1. Why do we need it?

Mutual Exclusion: Prevent multiple instances of a background job from running simultaneously.
Resource Protection: Ensure only one service is writing to a specific file or database record.

2. Common Implementation Patterns

A. Redis-based (Redlock)

Using Redis SET NX (Set if Not Exists) with an expiration time.

Pros: Extremely fast, simple.
Cons: Can be unreliable in certain network split scenarios.

B. ZooKeeper-based

Using ephemeral nodes. If the client disconnects, the node is automatically deleted, and the lock is released.

Pros: Highly consistent (CP system).
Cons: Slower than Redis, more complex to manage.

C. Etcd-based

Similar to ZooKeeper, uses a keep-alive lease system.

Pros: Basis for Kubernetes coordination, very reliable.

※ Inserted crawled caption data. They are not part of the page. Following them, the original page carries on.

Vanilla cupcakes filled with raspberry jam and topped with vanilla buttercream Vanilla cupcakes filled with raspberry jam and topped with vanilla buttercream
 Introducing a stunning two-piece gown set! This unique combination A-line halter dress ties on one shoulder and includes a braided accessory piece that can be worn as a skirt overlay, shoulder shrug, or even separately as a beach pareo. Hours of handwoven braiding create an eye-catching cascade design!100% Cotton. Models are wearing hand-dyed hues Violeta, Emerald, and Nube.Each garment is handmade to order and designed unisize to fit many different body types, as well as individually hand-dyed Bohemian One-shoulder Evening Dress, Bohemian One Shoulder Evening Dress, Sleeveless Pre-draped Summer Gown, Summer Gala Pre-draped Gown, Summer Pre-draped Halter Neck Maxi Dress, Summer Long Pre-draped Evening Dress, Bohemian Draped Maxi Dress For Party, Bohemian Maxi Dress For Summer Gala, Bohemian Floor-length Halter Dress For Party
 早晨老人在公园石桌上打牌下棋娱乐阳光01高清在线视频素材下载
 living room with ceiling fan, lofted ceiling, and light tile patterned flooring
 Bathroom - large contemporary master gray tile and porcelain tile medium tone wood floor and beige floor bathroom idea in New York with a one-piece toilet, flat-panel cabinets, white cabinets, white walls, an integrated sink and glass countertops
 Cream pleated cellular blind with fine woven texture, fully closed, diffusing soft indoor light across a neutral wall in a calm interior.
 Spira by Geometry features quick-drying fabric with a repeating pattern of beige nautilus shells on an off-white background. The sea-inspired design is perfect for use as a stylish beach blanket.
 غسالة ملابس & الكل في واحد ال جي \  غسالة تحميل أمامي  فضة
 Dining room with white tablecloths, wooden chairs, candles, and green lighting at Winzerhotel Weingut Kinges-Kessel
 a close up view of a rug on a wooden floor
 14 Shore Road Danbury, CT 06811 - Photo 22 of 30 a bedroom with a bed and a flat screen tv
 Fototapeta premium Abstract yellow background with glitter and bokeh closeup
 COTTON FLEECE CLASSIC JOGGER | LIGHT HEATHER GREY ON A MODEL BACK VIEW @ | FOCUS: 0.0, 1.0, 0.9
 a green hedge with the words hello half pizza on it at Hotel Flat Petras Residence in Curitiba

3. Critical Considerations

Lock Expiration (TTL)

If a process crashes while holding a lock, it must eventually be released. However, if the TTL is too short, the process might still be running when the lock expires, allowing another process to acquire it.

Fencing Tokens

To prevent the "late write" problem (where a process whose lock expired finally finishes its task), every lock acquisition should return a Fencing Token (a monotonically increasing ID). The storage system should only accept writes with a token greater than the last one seen.

4. Summary

Choosing a distributed lock depends on your consistency requirements. For high-speed but "good enough" locking, use Redis. For mission-critical correctness, use ZooKeeper or Etcd.